### [PROVIDED RECORDS]
# # #

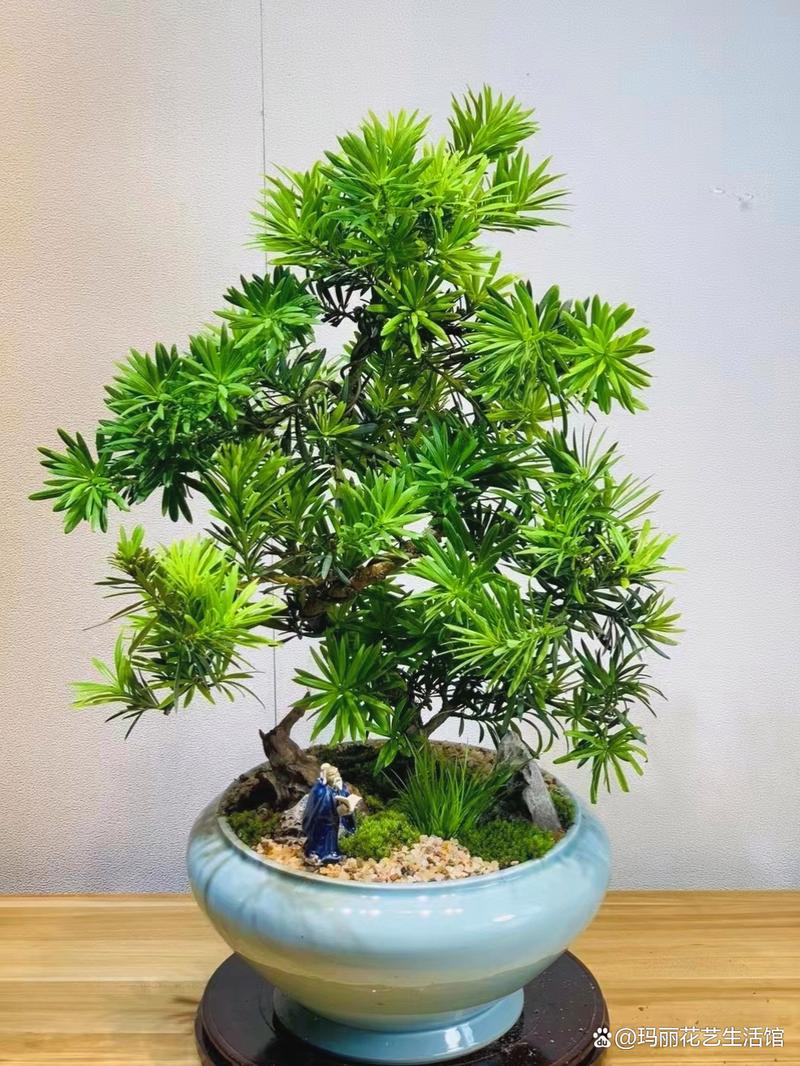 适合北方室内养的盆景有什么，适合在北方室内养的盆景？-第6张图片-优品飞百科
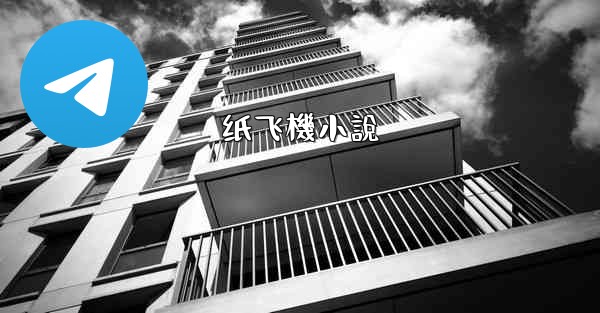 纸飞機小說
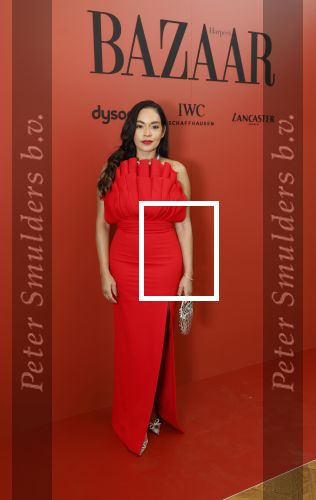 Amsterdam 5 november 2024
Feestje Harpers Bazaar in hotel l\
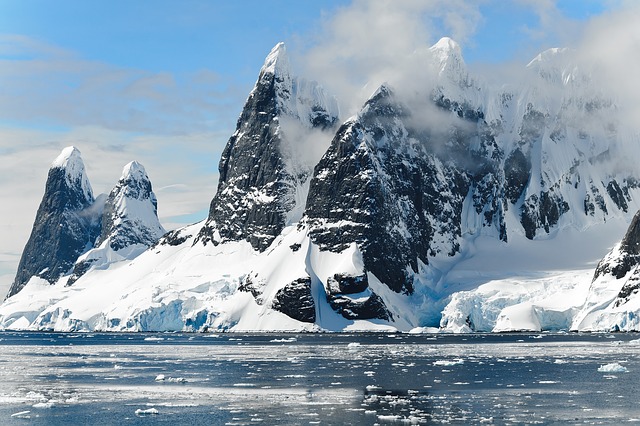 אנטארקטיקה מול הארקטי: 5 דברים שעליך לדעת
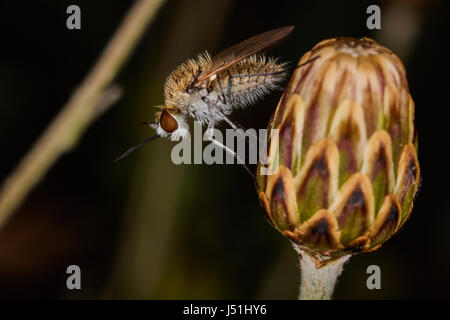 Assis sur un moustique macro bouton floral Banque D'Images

# # #

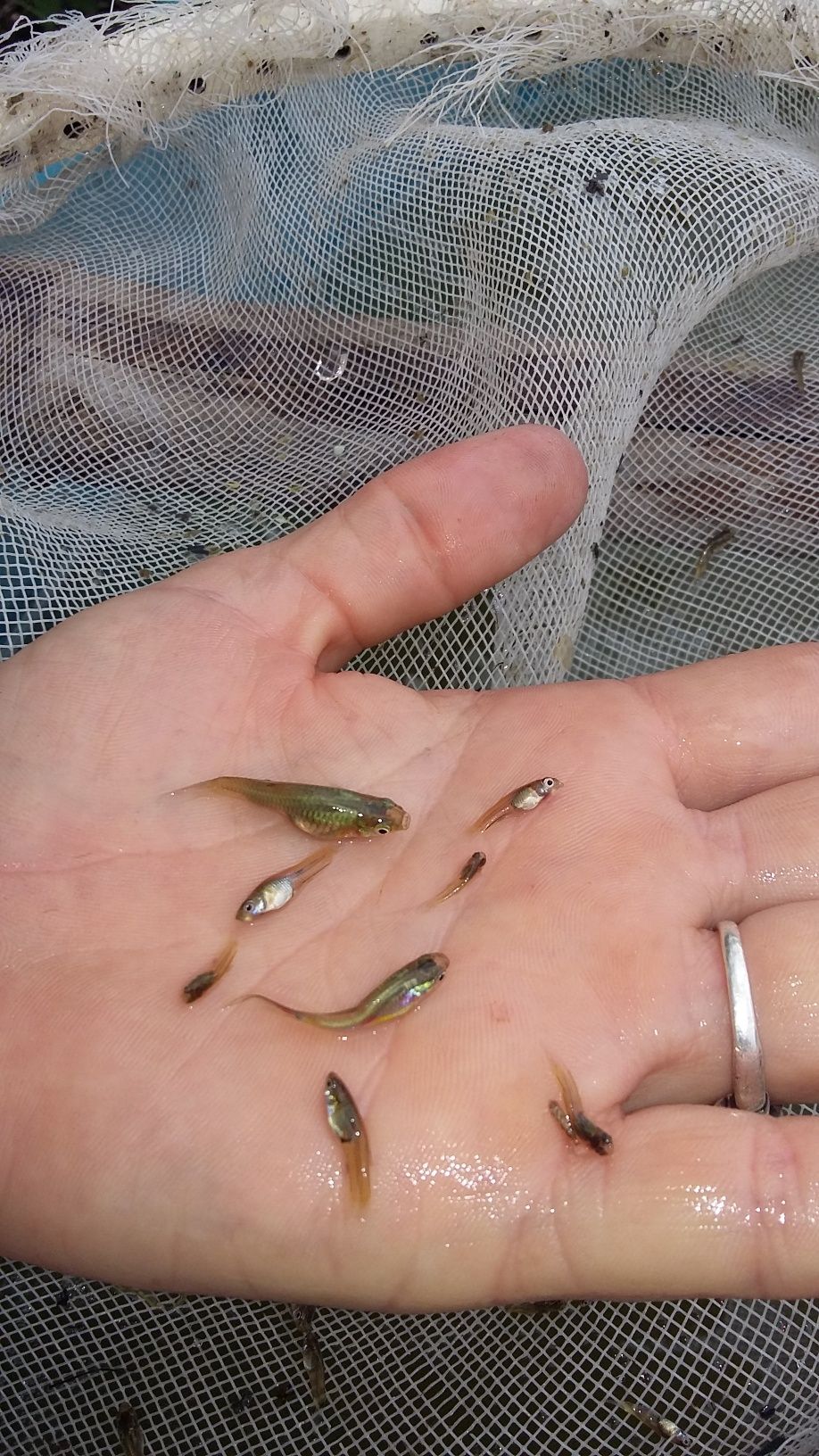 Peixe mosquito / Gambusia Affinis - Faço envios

# # #

### [DIRECTIONS FOR THIS TASK]
Only the lines above from the one with "适合北方室内养的盆景有什么，适合在北方室内养的盆景？-第6张图片-优品飞百科" to the one with "Assis sur un" should be printed, both included and exactly as written; no picture belongs in the copy.

### [COMPLETED TASK]
 适合北方室内养的盆景有什么，适合在北方室内养的盆景？-第6张图片-优品飞百科
 纸飞機小說
 Amsterdam 5 november 2024
Feestje Harpers Bazaar in hotel l\
 אנטארקטיקה מול הארקטי: 5 דברים שעליך לדעת
 Assis sur un moustique macro bouton floral Banque D'Images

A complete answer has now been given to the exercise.